WHAT TO DO:
Please transcribe the data below in full. Omit any picture you find in it.

RECORDED INFORMATION:
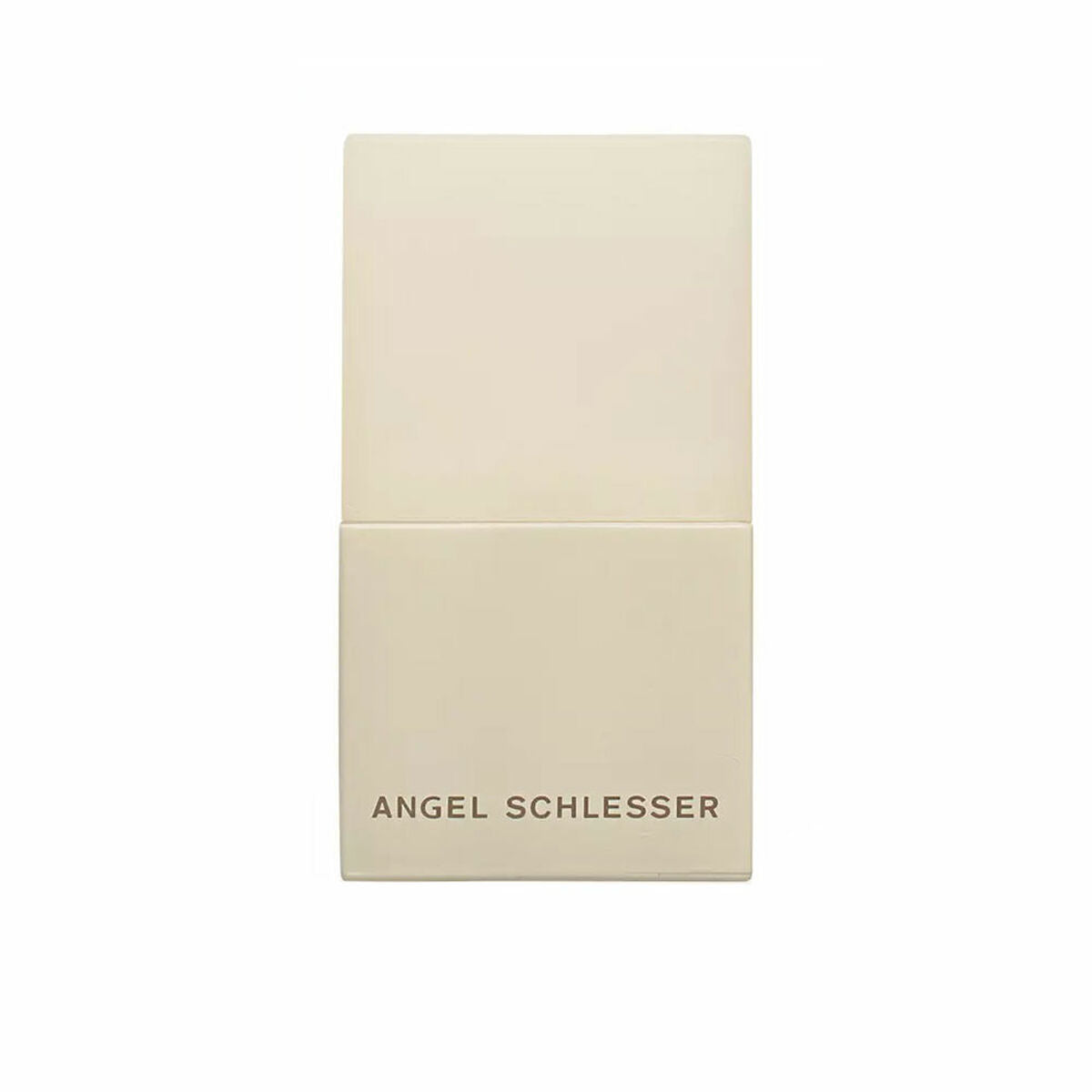Γυναικείο Άρωμα Angel Schlesser EDT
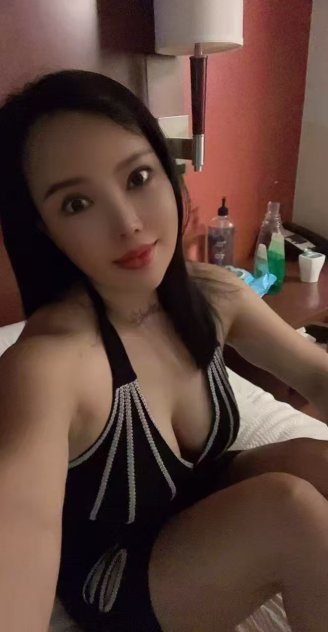 ☘️❤️Fresh➕☘️❤️Super 5⭐VVIP☘️❤️  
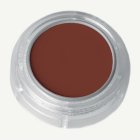 Grimas Vattensmink Pure, 1075, 15 ml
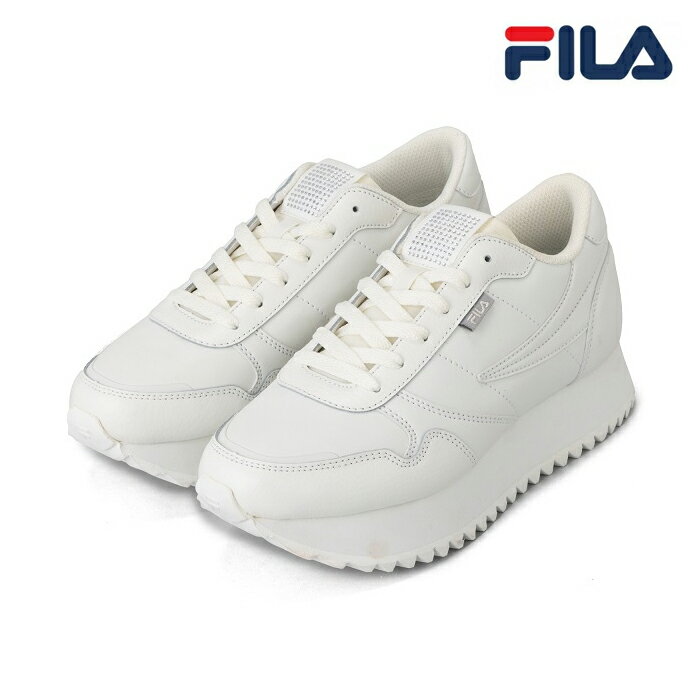 ե ǥ ˡ ˡꥹ륺 FILA SUNNY CRYSTALS WFW22042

RESPONSE FOR THIS EXERCISE:
Γυναικείο Άρωμα Angel Schlesser EDT
 ☘️❤️Fresh➕☘️❤️Super 5⭐VVIP☘️❤️  
 Grimas Vattensmink Pure, 1075, 15 ml
 ե ǥ ˡ ˡꥹ륺 FILA SUNNY CRYSTALS WFW22042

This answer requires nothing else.